What should You study or learn if I want to be a data analyst?
The short version is that you should learn how to be a great asker of questions and study the techniques and tools available to you for answering them.
Learn to Be a Great Asker of Questions
The first step to being a great analyst is asking great questions. No amount of technical knowledge makes up for a lack of analytical creativity and curiosity.
It’s said that smart people ask hard questions while really smart people ask simple ones. Indeed, many of the most important questions you can ask about your company are the simplest. Why do people choose our products over our competitors’? Why do customers leave us when they do? Should we offer discounts to boost sales? When you’re up to your neck in being a good do-er it’s easy to lose sight of these fundamental questions because people don’t ask you to answer them when you’re still green. But oh, the liberation once you do! This is how you can begin to understand and contribute to solving some of the most important challenges facing your business today.
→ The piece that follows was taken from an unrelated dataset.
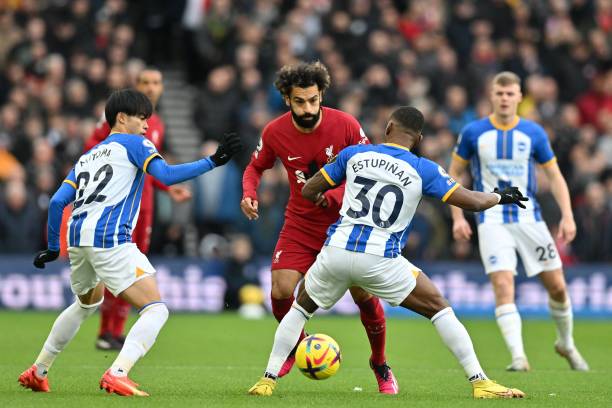 葡萄牙球员 葡萄牙球员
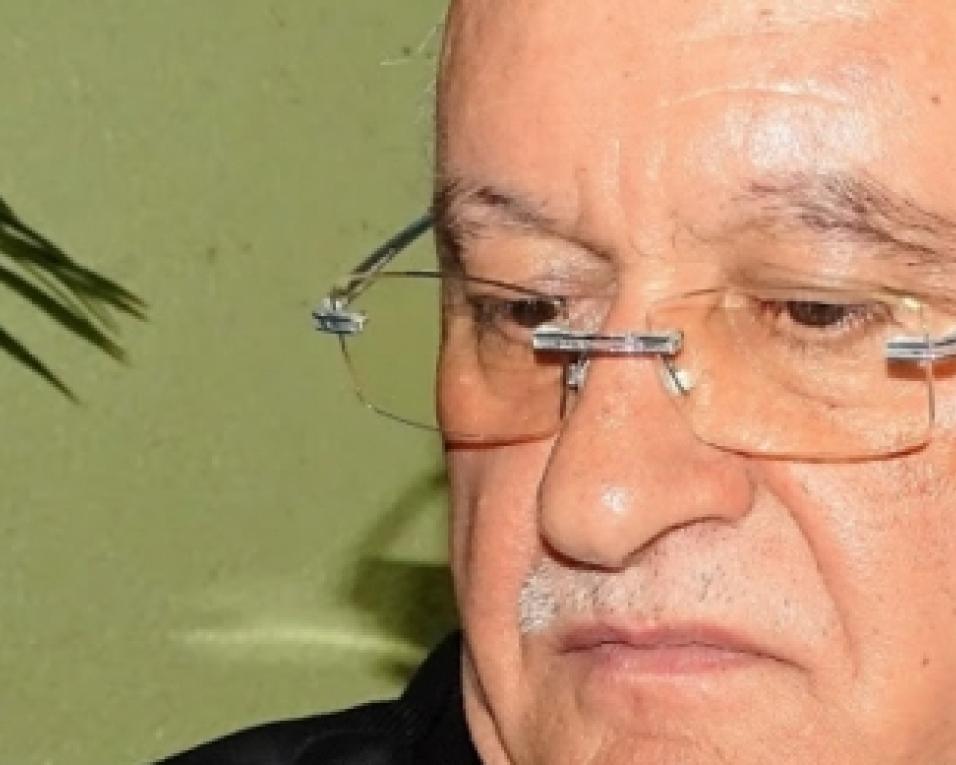 Combate da Igreja à pedofilia é esforço global. É um trabalho para vários Papas - Padre César Fernandes.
Having managed a team of data analysts for years, my advice to anyone in this role or aspiring to it is to not start with the data. Start with your hypotheses about a business problem and then figure out how you would try to prove or disprove them in the abstract. What would need to be true in order for you to prove, or at least make a strong case for your idea? Only once you have this clear in your mind should you turn to the data and see what you can do with what’s available.
If you want to do this at a technology company, it’s even more important that you hone this skill first, because more people will be familiar with working with data, so it will be hard to set yourself apart. It’s hard to generalize the kinds of questions that will be important because every business is different, but I have written about How to Find the Hidden Problems at Your Company on my blog, which gives you a good place to start.
Of course, once you have ideas and hypotheses you want to test, you do actually need to have the chops to do the analysis. That’s where the studying comes in, though I truly believe it’s the easier part.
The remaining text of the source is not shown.